You can heat the milk before having it, as every person has its specific taste, everyone wants to consume milk in their style. Some want to have lukewarm plain milk, some add some taste enhancer product like bournvita, complain, boost, to it. Some like to have it chilled.
So as per your convenience, you can heat both pasteurized and raw milk according to your use and taste, but over and repetitive heating can diminish the nutritional value so if not needed, do not heat milk repeatedly and avoid overheating too.
Three different ways to heat milk :
1) Stove or induction heating:
The most preferred way of heating the milk is stovetop heating or induction heating. People generally use this heating method in their daily use for heating the milk. For stove or induction heating, it would be great and safe to use a thick and large pan. The vessel should be a few inches empty after pouring the milk into it. As the milk boils soundlessly, and when it boils it starts raising its level.
Always set a low to medium flame for heating the milk, as it prevents denaturation of milk's protein. Stir it in between for the homogenized and even heating, it is better to use a long-handled spoon which can prevent milk from overflowing.
2) Microwave heating:
Use a microwave container for heating and boiling the milk, set the microwave at medium-high, and keep stirring it every 15 seconds at 70% power.
When you start seeing the rise of steam from your milk you can take it off for your use.
250ml of milk might take 2-3 minutes for its proper heating.
3) Double-boiler heating:
Double heating boiling of the milk is not so preferred type of boiling, as it involves some risk in the process.
For this double heating boil as the name indicates, two vessels are used for boiling up the milk, it can be said as the indirect heating of the milk.
A large vessel is taken whether of steel or any aluminum or copper metal, then water poured half to the vessel as the flame should be kept on. Another heatproof vessel is taken and is placed over the water-filled vessel it shouldn't touch the water level and there must be a distance of 1 inch in between the water level and the second vessel.

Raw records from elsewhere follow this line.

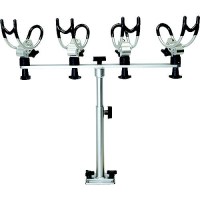 Millennium Marine R10000 Spyderlok Rod Holder - R-100-00 - 443-R10000F1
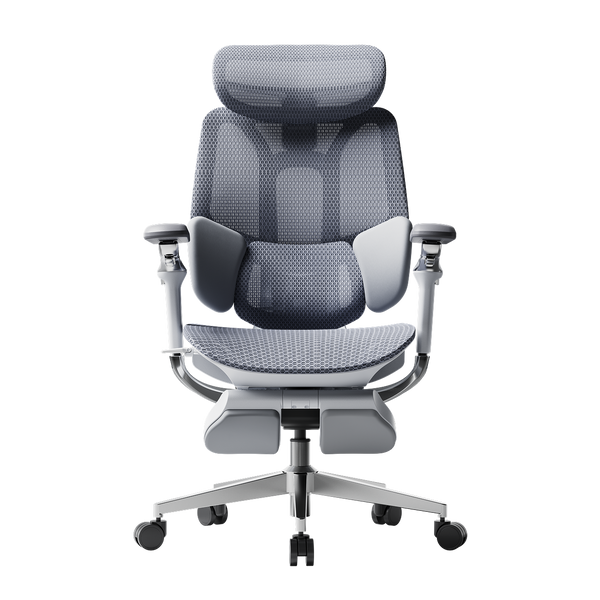 HBADA E3 Pro Ergonomic Office Chair 2026 Edition~0-0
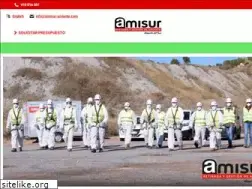 Sites similar to amisur-amianto.com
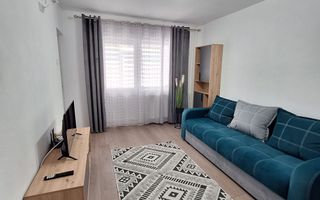 Inchiriere Garsoniera moderna Gavana - Poză 10
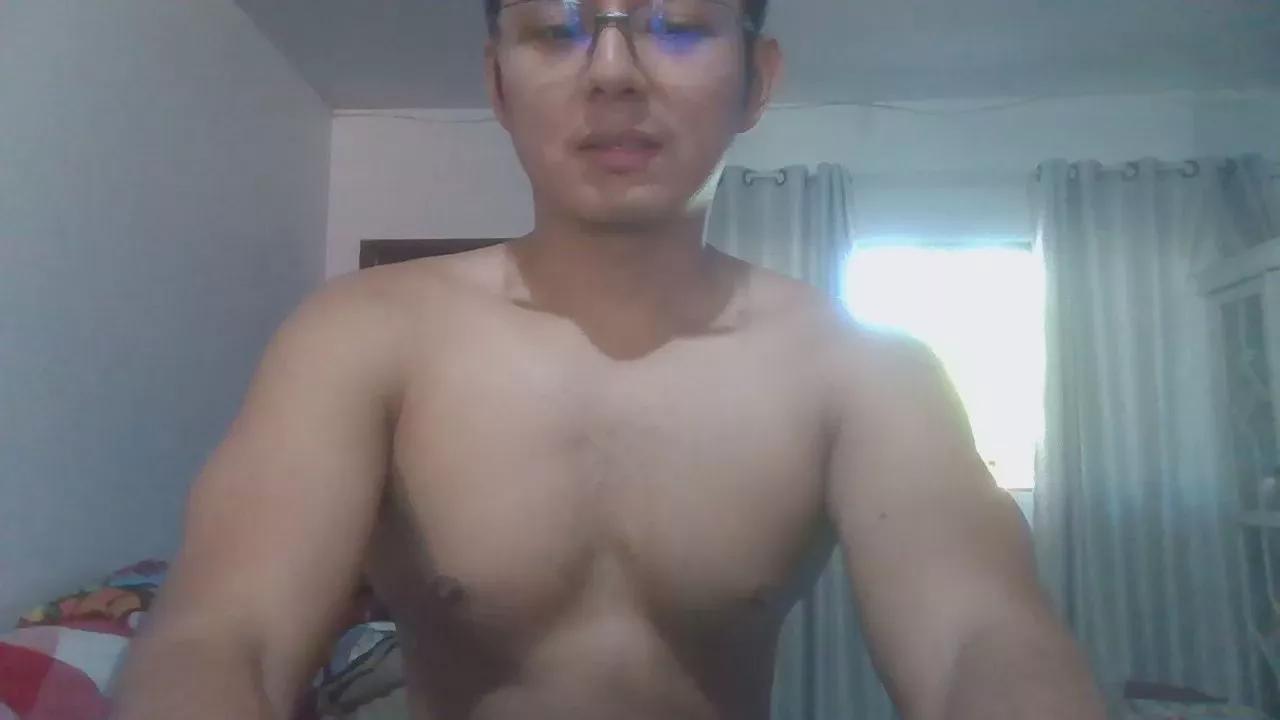 Paul_m23 on Cam4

Turn off the flame once the milk is boiled and it can be stored in the refrigerator or can be used if you want to.
What happens when you overheat the milk:
It is well known that milk has up to 89-85% water content in it. So it's pretty simple that when you heat the milk the water content will casually evaporate while heating and when you keep on heating it will evaporate all over its water content and will leave with the solid residue.
The solid concentrated milk is known as " Mawa " "khoya" or " khoa". This concentrated solid milk is used for preparing different kinds of sweets like Gulab-jamun, Gajar halwa, Barfi, etc.
This concentrate is rich in phospholipid concentration and is sweetish in taste and creamy in texture. It enhances the tastes of any milk item.
If you continue heating the milk after its water content is completely evaporated, the non-enzymatic browning reaction will start taking place.
This will cause browning and burning of the milk which leads to the smell, color, and taste of the mawa. It starts smelling bad and tasting bitter and its color is changed from yellowish to caramel to even blackish.
Things should be taken care of while heating the milk:
Always use a thick pan while heating milk as when it starts boiling and its consistency begins thickening it starts being sticky from the bottom.
Always use bigger vessels to boil the milk. Never neck fill any vessel with milk for boiling purposes.
Stir regularly while boiling after every 15 seconds for its even heating.
Put a spoon (long-handled) dipped in the milk while boiling as it will or even your milk from overflowing.
Always use low to medium flame for boiling up the milk as it prevents denaturation of protein's milk.
Don't overheat the milk, it will result in lowering the nutritional value of the milk.
Avoid repetitive heating of milk. It can also decrease the nutritional content.
Always use fresh vessels for boiling the milk, as the used vessel may lead to the spoiling of milk quicker.
Do not take more than 25-30 minutes for boiling up 1 liter of milk.
Refrigerate the milk and store it for further use.